(Pictures with short captions)

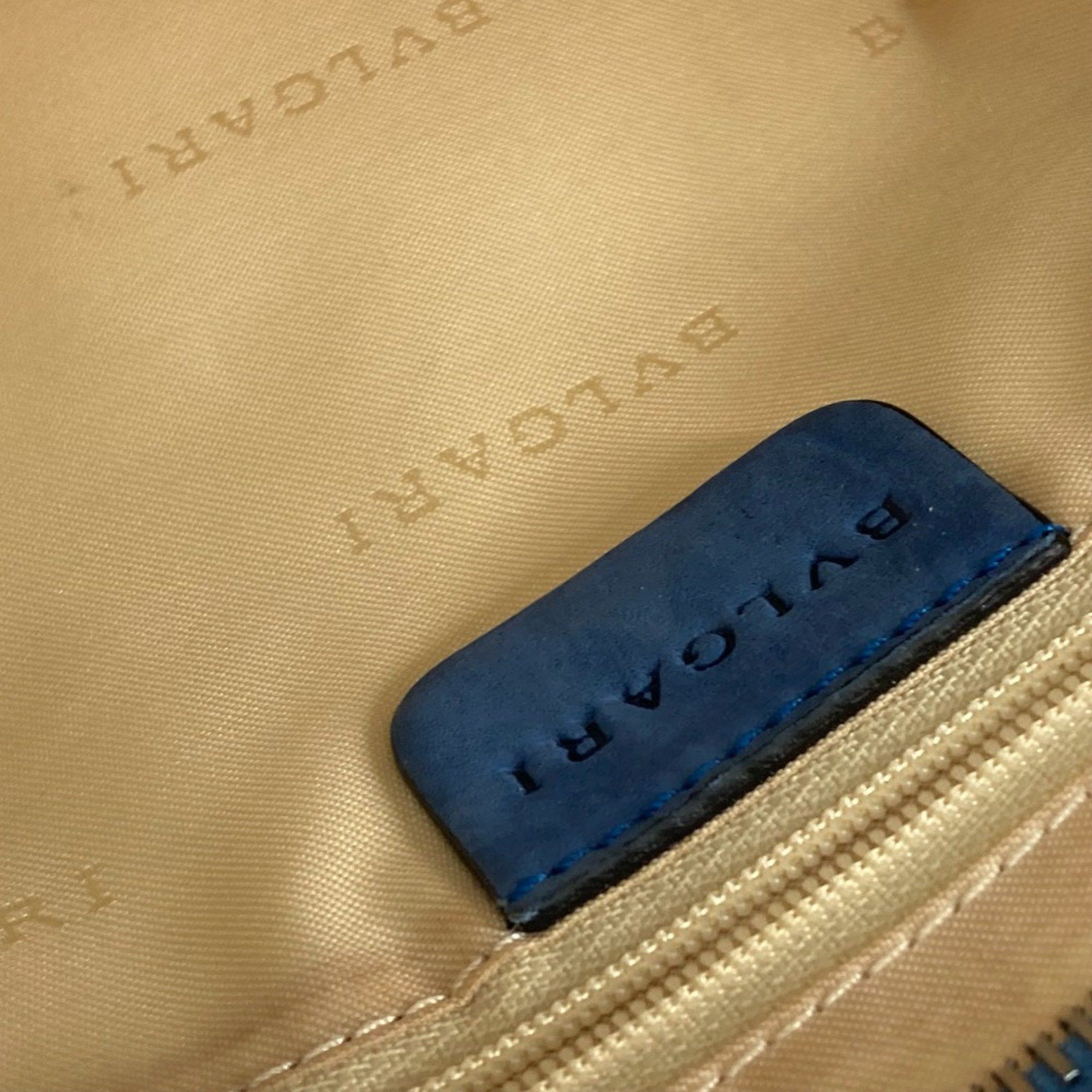 Bvlgari Bulgari handbag Size ONE SIZE - 14 Thumbnail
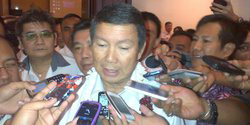 Hashim: Lebih baik Prabowo naik kuda dibanding ke kabinet Jokowi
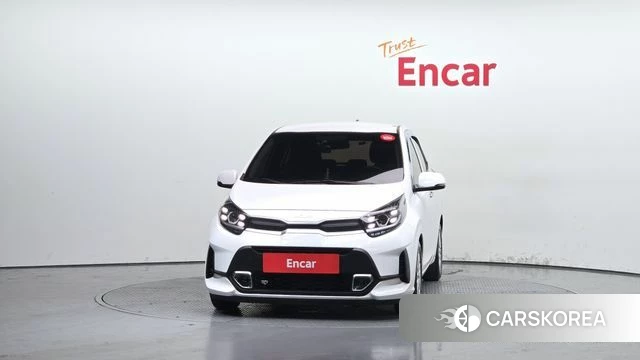 Kia Morning Urban (JA) id 4409843 из Кореи 13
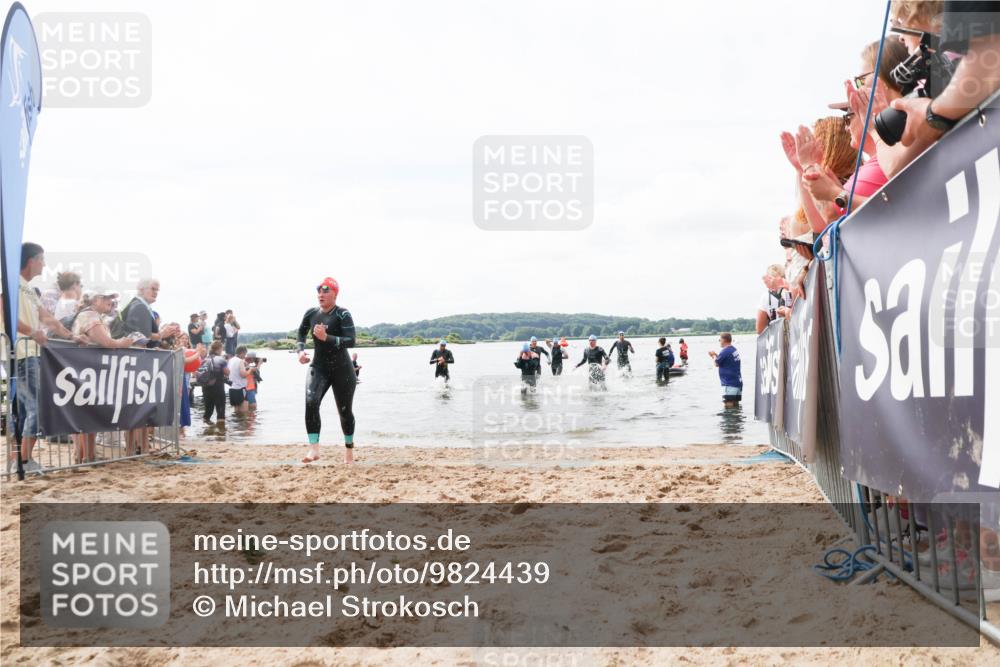 21.06.2026 - Viking Triathlon Michael Strokosch http://msf.ph/oto/9824439 21.06.2026 10:28:05 Schwimmen 19, 119, 371, 565, 620 meine-sportfotos.de
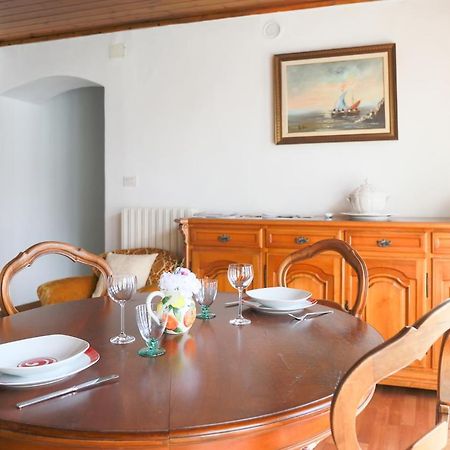 Апартаменты Lucio&Pina House Дервио Экстерьер фото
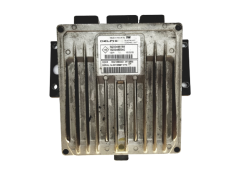 Blok Ovladačů 8200498188 8200469340 R0410B024D Renault Nissan Delphi 19689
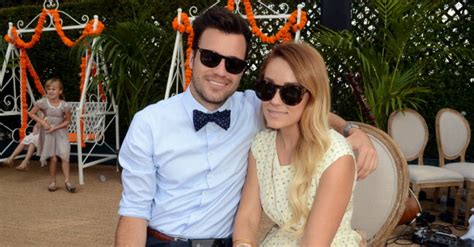 Lauren Conrad And Her Husband William Tell Are Now The Proud Parents Of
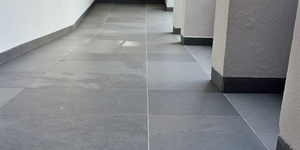 RKS SLATE Сланец Brazil Black Brushed 906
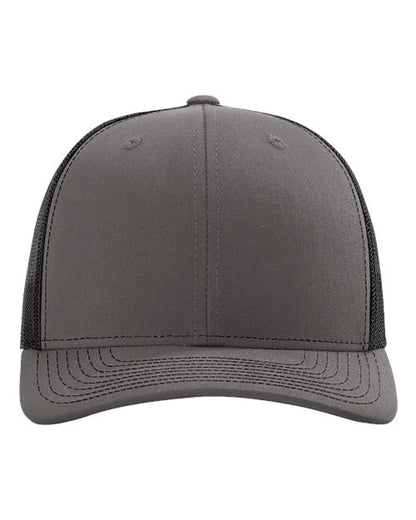 Richardson Sustainable Trucker Cap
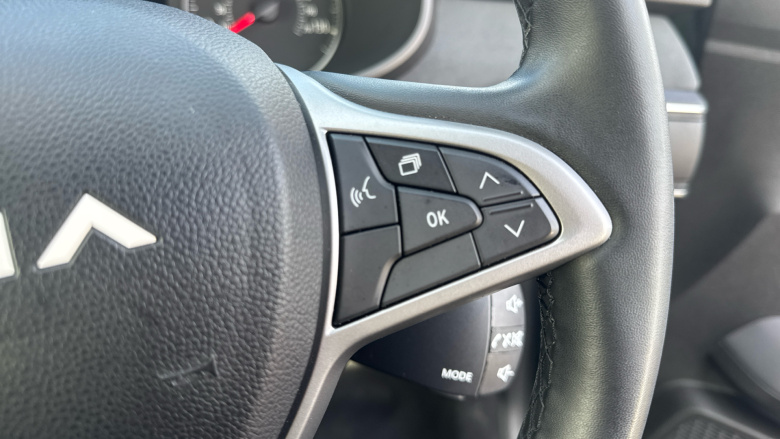 Dacia Sandero Stepway 1.0 TCe Extreme 5dr Petrol Hatchback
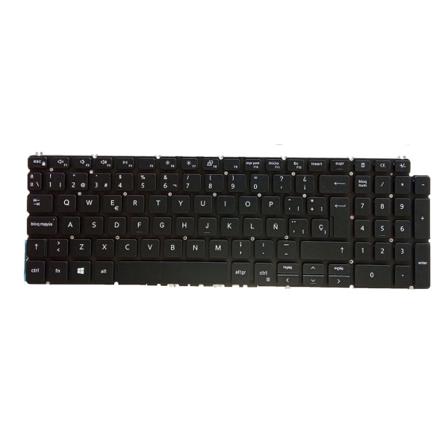 Tangentbord Flytande Tangentbord Byte Av Tangentbord För Dell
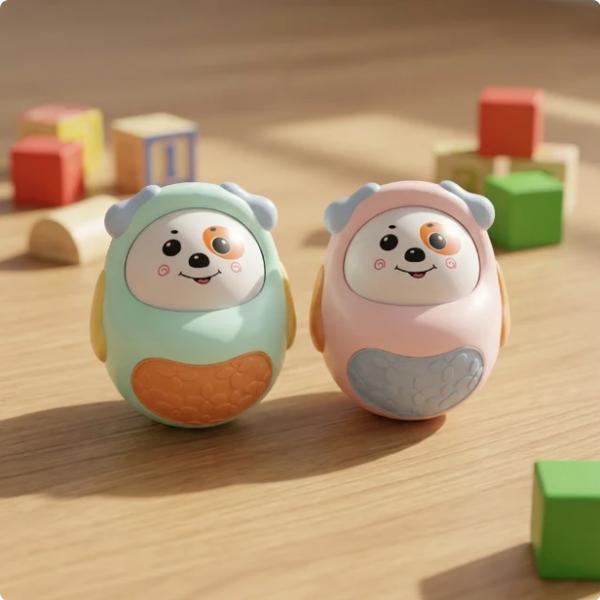 60x - Tumbler | Baby Toys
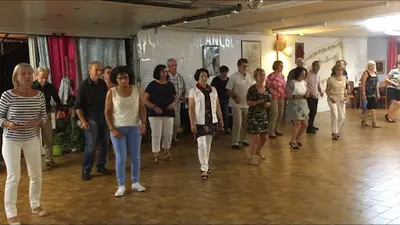Sport Danse Club 24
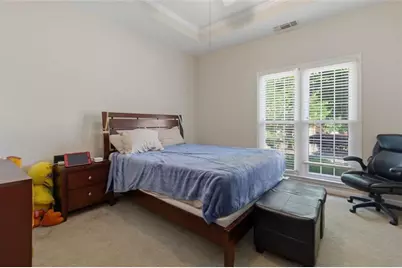 5355 Flowering Dogwood Court, Powder Springs, GA 30127 - Photo 20
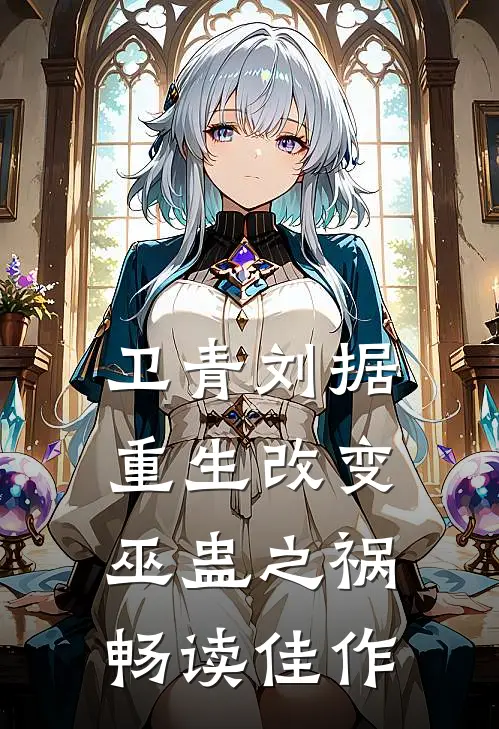 卫青刘据重生改变巫蛊之祸畅读佳作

**The task**
All of the data above needs to be retyped exactly, with the pictures removed.

**Response**
 Bvlgari Bulgari handbag Size ONE SIZE - 14 Thumbnail
 Hashim: Lebih baik Prabowo naik kuda dibanding ke kabinet Jokowi
 Kia Morning Urban (JA) id 4409843 из Кореи 13
 21.06.2026 - Viking Triathlon Michael Strokosch http://msf.ph/oto/9824439 21.06.2026 10:28:05 Schwimmen 19, 119, 371, 565, 620 meine-sportfotos.de
 Апартаменты Lucio&Pina House Дервио Экстерьер фото
 Blok Ovladačů 8200498188 8200469340 R0410B024D Renault Nissan Delphi 19689
 Lauren Conrad And Her Husband William Tell Are Now The Proud Parents Of
 RKS SLATE Сланец Brazil Black Brushed 906
 Richardson Sustainable Trucker Cap
 Dacia Sandero Stepway 1.0 TCe Extreme 5dr Petrol Hatchback
 Tangentbord Flytande Tangentbord Byte Av Tangentbord För Dell
 60x - Tumbler | Baby Toys
Sport Danse Club 24
 5355 Flowering Dogwood Court, Powder Springs, GA 30127 - Photo 20
 卫青刘据重生改变巫蛊之祸畅读佳作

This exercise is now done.